GOAL OF THE EXERCISE:
How do the lines read from the one holding "Anggota KPPS melakukan" through the last line of the listing? Set them down exactly, pictures omitted.

SUPPLIED DATA:
- Opening Delimiter -

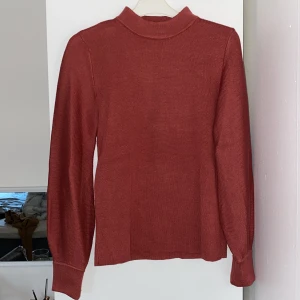 Sorbéfärgad tröja - Jättefin och mysig tjocktröja från Kappahl i storlek s. Tycker dock den är lite oversized och hade sagt att den passar som M istället. Har endast använt ett par gånger så den är i toppskick! 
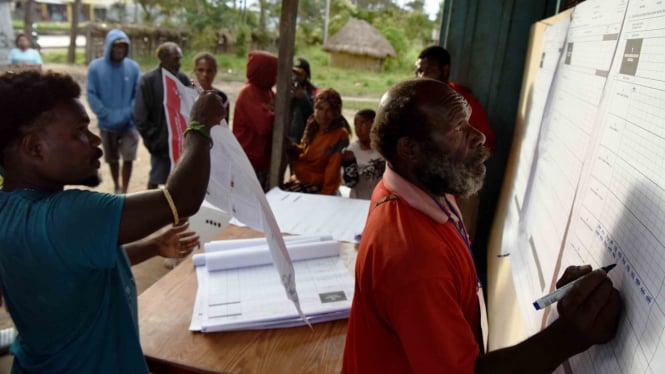 Anggota KPPS melakukan penghitungan suara pada Pemilu serentak 2019 di Distrik Wesaput, Wamena, Kabupaten Jayawijaya, Papua. (Foto ilustrasi)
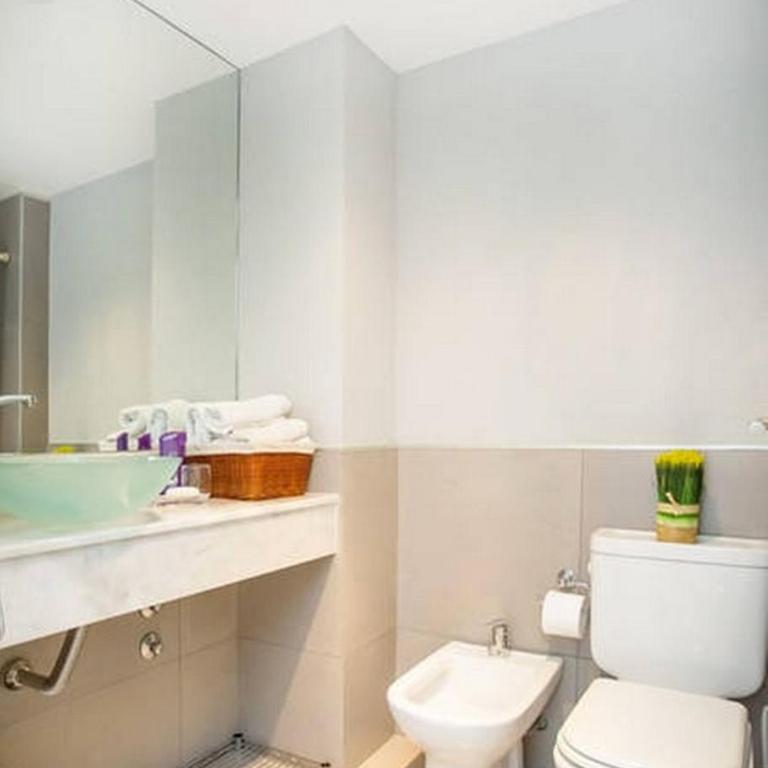 Vizion Hollywood Apartments - One-Bedroom Apartment - 17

- Closing Delimiter -

EXERCISE RESULT:
 Anggota KPPS melakukan penghitungan suara pada Pemilu serentak 2019 di Distrik Wesaput, Wamena, Kabupaten Jayawijaya, Papua. (Foto ilustrasi)
 Vizion Hollywood Apartments - One-Bedroom Apartment - 17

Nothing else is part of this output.